▶ _DATA_

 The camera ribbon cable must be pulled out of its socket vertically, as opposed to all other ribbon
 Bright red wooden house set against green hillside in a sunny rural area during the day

---

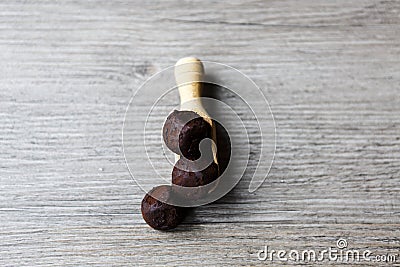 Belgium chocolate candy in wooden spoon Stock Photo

▶ _REQUIREMENT_
Above this task is a listing. Restate, word for word and with nothing added, the lines from the one with "The camera ribbon" through the one with "Bright red wooden".

▶ _FINISHED TASK_
 The camera ribbon cable must be pulled out of its socket vertically, as opposed to all other ribbon
 Bright red wooden house set against green hillside in a sunny rural area during the day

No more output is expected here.